He toiled through July and August, even putting in a marathon forty-eight-hour session to finish the album on time. Eddie recalled dozing off in the studio as my father polished and perfected a song. Curtis would then shake him awake and ask, “What do you think, Tom? What do you think we should do with this?” Eddie would answer with something like “Well, we should bring the horns down a little bit here,” and then fall back asleep as Curtis kept working.

Curtis
came out in September, just weeks after Dad performed his final concert with the Impressions at Chicago's High Chaparral. It marked a bright moment for him, but it came amid more darkness. Days later, Hendrix choked to death on his own vomit. Saddened by the loss, my father connected himself to Hendrix in clearer terms than ever before. “There were movements sometimes that he brought to his music that would make you immediately think of [me], where he actually does a little falsetto with his voice and makes a few Curtis Mayfield chord structures,” he said. “Every once in a while I have a need to hear that, Jimi and Buddy Miles and Billy Cox, just those three musicians lock in so well.”

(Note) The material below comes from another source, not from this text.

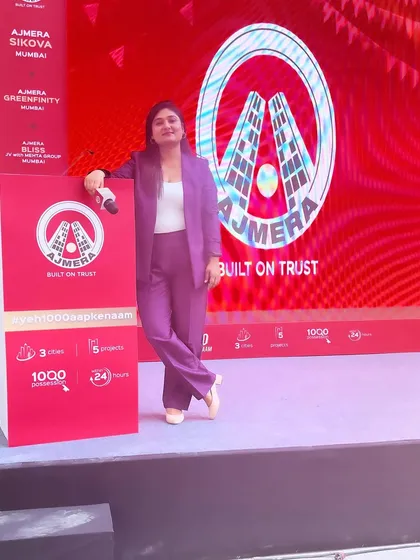 Celebrating a milestone with Ajmera Realty as they handed over 1000 properties in 24 hours. I enjoy hosting success celebrations for real estate leaders.
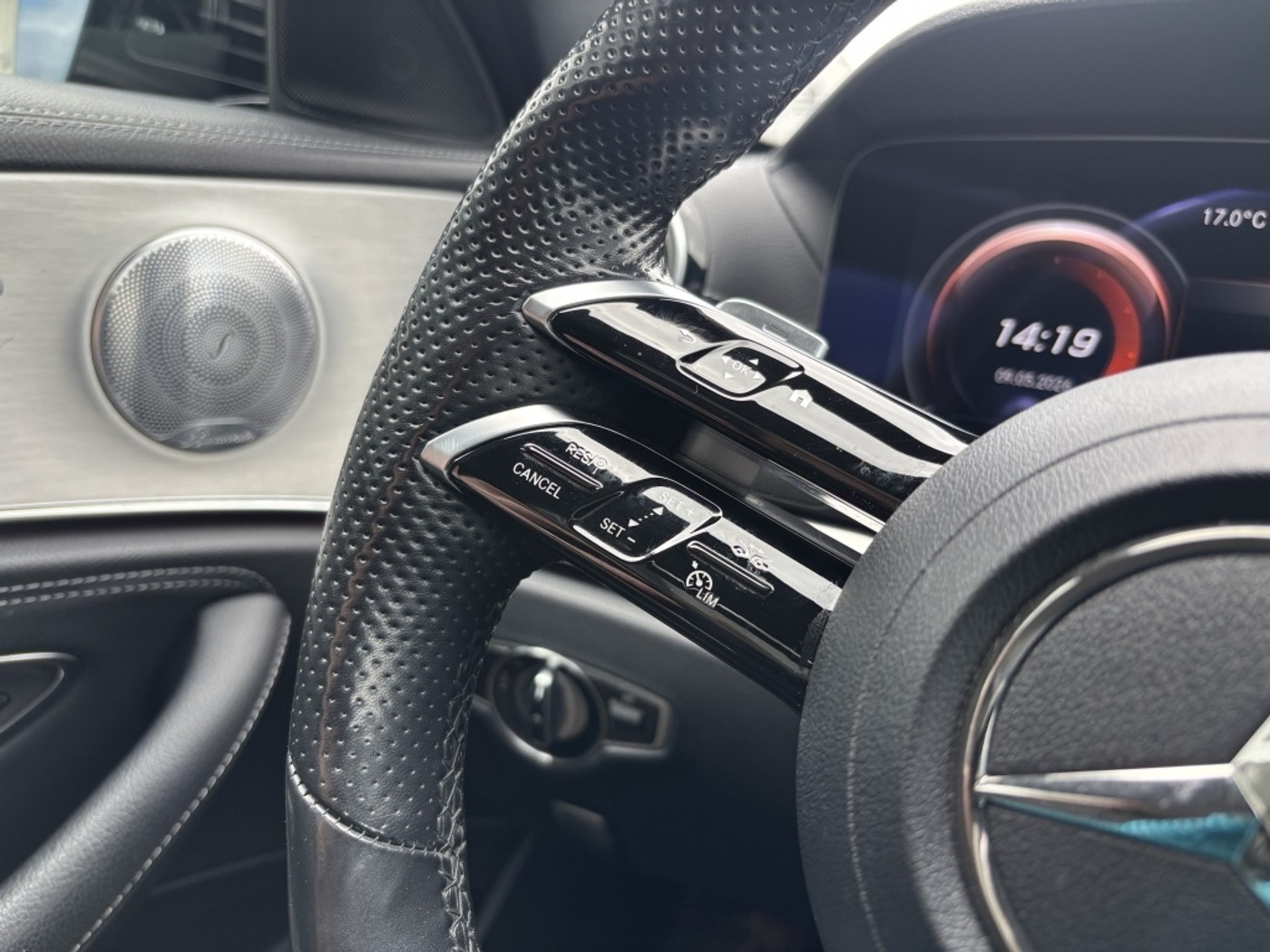 Foto van Mercedes-Benz E 300 E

That was high praise coming from a man who rarely listened to his contemporaries. There was little time to mourn Hendrix, though. A month later, Janis Joplin overdosed on heroin and Baby Huey fell dead of a drug-related heart attack in a Chicago motel room. Times were strange, dark, deadly.
Curtis
captured it all.

No one could have been prepared for the album except my father and those who helped him make it. It starts with the sinister opening strains of “(Don't Worry) If There's a Hell Below, We're All Going to Go.” Lucky's bass growls menacingly as a woman exhorts the book of
Revelation, and my father, with a heavily processed voice, shouts, “Sisters! Niggers! Whities! Jews! Crackers! Don't worry. If there's hell below, we're all gonna go.” Then, he lets out a demonic howl as Slabo's horns and Hampton's strings ride atop the bass, drums, guitars, and percussion, laying down a wicked backdrop for some quasi-apocalyptic soothsaying. While Sly Stone had recorded a song that said “nigger” several years before, “Hell Below” was among the first mainstream recordings to use the word, setting the scene for both the unflinching honesty of my father's solo career and the hip-hop age it helped spawn.

As the song progresses, my father's obsession with producing different sounds in the studio—assisted by his newfound love for weed—takes off like a V-2 rocket, with trippy guitar and vocal effects that sweep across the sonic field, sounding like the haunted hangovers of a nightmare. The drilling bass, the urgent string arrangement, the pounding rhythm section, and the fuzz guitar intertwine in cascading crescendos. Curtis didn't just have his finger on the pulse of the new decade; he was in the bloodstream.

Clocking in at almost eight minutes, the song played more than twice as long as anything he'd done with the Impressions. It focused on the groove, with few chord changes. Part of that came from his new recording habits. Instead of handing Johnny a demo tape and waiting until the session to hear the arrangement, now he locked in the rhythm beforehand with Lucky, putting more emphasis on the bass guitar than ever before. “He used to sit down with Lucky and they just would do rhythm,” Sam said. “They'd sit down and learn songs. Lucky would listen, and they would play along with what Curtis was playing, and learn the songs, so that when they went into the studio, he knew exactly the way the song was going.”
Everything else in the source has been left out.